**Your assignment:** When the line containing "[5color/살안타템🫧] 앤도어 슬림 시스루 니트 가디건" appears in the data below, begin copying there and stop only after the line containing "Hayabusa Mayweather Contender".

Excerpted records START

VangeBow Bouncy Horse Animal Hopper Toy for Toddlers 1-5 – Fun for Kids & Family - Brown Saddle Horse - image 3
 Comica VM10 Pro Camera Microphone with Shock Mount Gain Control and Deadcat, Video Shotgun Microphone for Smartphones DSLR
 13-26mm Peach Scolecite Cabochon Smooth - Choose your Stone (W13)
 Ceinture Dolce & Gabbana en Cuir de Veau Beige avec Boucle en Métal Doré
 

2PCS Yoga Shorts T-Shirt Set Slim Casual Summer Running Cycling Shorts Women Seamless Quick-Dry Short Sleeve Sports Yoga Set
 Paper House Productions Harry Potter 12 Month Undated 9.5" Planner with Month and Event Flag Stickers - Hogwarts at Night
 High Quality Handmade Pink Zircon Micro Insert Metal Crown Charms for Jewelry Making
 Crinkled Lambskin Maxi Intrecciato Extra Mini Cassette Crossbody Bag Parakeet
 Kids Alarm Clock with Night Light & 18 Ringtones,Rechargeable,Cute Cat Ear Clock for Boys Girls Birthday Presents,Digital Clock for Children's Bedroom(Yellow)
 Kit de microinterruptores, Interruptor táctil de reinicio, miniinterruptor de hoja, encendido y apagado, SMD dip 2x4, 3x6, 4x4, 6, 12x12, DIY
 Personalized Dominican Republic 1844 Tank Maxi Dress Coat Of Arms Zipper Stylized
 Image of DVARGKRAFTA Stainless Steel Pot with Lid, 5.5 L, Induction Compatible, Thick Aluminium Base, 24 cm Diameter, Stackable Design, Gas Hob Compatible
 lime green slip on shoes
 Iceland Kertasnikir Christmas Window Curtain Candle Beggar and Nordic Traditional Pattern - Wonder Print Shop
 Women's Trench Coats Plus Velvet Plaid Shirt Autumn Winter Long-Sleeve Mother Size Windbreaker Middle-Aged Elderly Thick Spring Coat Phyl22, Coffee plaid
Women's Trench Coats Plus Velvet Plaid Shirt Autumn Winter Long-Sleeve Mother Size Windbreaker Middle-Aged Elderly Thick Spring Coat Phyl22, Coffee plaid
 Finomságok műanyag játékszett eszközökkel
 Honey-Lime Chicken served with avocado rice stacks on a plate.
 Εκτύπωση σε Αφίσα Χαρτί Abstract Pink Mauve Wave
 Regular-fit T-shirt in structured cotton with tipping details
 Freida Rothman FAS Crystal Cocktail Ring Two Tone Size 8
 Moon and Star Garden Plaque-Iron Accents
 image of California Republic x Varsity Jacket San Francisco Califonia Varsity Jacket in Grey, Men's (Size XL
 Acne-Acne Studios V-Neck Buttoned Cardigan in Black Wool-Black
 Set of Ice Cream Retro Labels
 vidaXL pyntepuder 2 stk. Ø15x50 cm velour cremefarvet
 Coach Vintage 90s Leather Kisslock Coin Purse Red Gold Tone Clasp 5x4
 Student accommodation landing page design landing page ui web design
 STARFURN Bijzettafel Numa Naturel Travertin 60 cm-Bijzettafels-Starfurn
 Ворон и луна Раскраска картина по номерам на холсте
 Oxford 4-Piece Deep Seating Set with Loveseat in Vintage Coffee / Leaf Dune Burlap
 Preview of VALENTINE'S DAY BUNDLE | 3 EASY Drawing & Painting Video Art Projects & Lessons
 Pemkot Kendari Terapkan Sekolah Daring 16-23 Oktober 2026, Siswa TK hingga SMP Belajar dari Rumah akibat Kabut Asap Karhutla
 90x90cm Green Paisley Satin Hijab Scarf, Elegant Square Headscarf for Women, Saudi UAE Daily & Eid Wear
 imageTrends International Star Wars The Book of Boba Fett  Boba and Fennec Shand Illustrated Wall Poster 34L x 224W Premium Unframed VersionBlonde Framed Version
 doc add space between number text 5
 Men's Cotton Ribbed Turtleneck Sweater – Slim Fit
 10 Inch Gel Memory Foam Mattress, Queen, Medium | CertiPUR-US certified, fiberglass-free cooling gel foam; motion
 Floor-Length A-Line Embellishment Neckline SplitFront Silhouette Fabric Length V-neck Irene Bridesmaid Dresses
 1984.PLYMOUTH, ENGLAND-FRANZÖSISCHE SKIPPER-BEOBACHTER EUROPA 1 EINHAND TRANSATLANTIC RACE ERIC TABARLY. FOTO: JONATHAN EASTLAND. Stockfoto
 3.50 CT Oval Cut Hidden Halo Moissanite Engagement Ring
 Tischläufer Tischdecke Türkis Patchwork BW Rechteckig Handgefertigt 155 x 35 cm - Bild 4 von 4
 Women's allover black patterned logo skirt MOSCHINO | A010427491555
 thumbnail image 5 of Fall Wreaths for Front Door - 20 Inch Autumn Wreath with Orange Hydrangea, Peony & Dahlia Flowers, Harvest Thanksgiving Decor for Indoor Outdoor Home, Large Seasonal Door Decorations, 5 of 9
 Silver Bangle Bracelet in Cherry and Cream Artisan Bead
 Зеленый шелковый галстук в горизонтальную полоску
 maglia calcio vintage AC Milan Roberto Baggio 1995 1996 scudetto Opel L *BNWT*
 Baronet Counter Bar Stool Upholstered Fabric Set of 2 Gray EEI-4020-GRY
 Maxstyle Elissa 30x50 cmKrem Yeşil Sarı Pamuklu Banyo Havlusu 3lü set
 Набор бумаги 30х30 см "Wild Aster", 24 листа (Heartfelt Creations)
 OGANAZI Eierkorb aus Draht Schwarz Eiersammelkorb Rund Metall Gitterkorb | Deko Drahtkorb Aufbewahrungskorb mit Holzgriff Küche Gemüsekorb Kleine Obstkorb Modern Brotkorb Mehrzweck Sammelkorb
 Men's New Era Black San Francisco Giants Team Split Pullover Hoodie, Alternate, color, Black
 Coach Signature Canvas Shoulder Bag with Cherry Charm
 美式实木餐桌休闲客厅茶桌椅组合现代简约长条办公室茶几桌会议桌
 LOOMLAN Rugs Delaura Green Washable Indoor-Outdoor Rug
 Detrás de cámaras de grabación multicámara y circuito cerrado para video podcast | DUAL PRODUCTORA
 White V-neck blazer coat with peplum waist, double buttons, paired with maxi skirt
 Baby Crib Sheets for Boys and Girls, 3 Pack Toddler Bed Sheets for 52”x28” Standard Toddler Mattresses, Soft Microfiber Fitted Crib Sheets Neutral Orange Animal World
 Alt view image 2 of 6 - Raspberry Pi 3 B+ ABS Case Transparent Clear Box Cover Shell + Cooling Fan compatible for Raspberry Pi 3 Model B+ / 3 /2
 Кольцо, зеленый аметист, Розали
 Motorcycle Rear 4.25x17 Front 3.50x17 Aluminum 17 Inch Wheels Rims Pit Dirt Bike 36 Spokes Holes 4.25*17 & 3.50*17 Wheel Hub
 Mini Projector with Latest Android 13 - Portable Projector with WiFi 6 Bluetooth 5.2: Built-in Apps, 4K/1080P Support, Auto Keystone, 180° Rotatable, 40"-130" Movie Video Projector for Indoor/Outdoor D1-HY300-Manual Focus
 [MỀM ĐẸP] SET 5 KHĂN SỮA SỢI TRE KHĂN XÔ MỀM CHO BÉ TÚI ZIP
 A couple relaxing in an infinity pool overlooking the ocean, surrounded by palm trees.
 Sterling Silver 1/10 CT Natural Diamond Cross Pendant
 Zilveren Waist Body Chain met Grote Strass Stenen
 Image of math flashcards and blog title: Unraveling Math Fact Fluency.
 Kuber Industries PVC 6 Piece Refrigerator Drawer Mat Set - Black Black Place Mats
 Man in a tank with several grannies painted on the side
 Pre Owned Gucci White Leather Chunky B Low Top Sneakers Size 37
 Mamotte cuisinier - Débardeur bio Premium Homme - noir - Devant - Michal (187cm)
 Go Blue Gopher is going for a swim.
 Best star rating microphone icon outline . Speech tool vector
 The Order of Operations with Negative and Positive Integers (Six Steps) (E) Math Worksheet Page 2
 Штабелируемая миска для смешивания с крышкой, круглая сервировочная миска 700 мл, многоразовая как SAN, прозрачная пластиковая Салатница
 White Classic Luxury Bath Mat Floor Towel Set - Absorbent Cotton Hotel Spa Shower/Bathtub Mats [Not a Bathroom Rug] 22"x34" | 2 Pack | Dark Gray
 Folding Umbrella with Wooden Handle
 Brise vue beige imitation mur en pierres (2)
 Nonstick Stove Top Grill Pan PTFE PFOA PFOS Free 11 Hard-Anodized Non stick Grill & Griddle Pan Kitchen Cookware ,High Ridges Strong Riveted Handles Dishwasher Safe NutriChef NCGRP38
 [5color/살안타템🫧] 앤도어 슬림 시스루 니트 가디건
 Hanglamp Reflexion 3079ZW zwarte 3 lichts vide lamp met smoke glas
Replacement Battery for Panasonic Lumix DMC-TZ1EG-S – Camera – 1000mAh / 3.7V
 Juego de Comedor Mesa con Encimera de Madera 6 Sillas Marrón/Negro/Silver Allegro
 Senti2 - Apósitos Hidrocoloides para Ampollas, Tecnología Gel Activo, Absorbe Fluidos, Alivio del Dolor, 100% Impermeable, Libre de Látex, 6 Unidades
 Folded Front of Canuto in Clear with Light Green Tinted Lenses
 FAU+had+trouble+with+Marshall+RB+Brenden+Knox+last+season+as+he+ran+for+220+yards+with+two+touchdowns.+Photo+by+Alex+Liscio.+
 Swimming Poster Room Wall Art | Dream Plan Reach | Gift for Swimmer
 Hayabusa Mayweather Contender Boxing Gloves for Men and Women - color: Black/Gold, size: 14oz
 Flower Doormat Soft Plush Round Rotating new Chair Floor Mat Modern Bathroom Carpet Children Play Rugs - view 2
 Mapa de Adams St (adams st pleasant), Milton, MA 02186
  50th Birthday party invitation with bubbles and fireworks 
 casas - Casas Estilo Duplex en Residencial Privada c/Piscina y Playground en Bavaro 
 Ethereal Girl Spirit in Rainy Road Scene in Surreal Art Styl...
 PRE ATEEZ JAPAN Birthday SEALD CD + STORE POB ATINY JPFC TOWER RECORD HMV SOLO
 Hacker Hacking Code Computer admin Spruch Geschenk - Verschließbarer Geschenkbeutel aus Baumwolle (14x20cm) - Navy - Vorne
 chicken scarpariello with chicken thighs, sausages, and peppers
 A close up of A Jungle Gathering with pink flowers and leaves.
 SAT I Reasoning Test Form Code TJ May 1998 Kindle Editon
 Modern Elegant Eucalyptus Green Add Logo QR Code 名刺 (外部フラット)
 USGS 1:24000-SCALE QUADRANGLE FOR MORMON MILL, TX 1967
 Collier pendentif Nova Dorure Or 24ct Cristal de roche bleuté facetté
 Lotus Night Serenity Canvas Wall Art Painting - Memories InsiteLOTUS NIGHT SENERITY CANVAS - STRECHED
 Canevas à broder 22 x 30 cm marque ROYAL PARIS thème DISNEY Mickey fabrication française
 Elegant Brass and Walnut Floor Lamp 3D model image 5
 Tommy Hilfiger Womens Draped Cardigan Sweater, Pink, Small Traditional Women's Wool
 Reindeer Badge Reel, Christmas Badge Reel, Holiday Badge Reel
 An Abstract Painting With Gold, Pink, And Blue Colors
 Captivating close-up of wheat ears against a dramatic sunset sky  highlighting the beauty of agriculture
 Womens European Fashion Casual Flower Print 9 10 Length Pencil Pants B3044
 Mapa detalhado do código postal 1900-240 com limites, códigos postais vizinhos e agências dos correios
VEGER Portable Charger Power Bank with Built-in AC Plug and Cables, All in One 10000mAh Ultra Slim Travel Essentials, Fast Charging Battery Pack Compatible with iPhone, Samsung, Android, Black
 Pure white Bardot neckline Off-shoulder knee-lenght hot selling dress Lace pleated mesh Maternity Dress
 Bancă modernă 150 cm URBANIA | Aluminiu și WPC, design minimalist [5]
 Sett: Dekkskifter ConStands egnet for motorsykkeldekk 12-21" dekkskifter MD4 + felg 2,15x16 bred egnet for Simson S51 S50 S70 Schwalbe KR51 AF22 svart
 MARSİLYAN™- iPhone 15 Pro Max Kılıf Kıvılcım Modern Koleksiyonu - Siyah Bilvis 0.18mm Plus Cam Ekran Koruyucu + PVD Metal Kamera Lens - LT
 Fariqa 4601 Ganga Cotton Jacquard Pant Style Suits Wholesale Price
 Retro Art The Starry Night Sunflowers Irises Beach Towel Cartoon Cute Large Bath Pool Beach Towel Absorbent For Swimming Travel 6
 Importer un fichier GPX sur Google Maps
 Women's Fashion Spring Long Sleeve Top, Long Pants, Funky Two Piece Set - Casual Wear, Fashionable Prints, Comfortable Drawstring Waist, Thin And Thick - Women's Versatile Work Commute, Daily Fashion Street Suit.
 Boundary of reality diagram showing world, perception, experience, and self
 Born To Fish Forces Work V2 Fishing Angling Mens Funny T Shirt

Excerpted records END

**Solution to this task:**
 [5color/살안타템🫧] 앤도어 슬림 시스루 니트 가디건
 Hanglamp Reflexion 3079ZW zwarte 3 lichts vide lamp met smoke glas
Replacement Battery for Panasonic Lumix DMC-TZ1EG-S – Camera – 1000mAh / 3.7V
 Juego de Comedor Mesa con Encimera de Madera 6 Sillas Marrón/Negro/Silver Allegro
 Senti2 - Apósitos Hidrocoloides para Ampollas, Tecnología Gel Activo, Absorbe Fluidos, Alivio del Dolor, 100% Impermeable, Libre de Látex, 6 Unidades
 Folded Front of Canuto in Clear with Light Green Tinted Lenses
 FAU+had+trouble+with+Marshall+RB+Brenden+Knox+last+season+as+he+ran+for+220+yards+with+two+touchdowns.+Photo+by+Alex+Liscio.+
 Swimming Poster Room Wall Art | Dream Plan Reach | Gift for Swimmer
 Hayabusa Mayweather Contender Boxing Gloves for Men and Women - color: Black/Gold, size: 14oz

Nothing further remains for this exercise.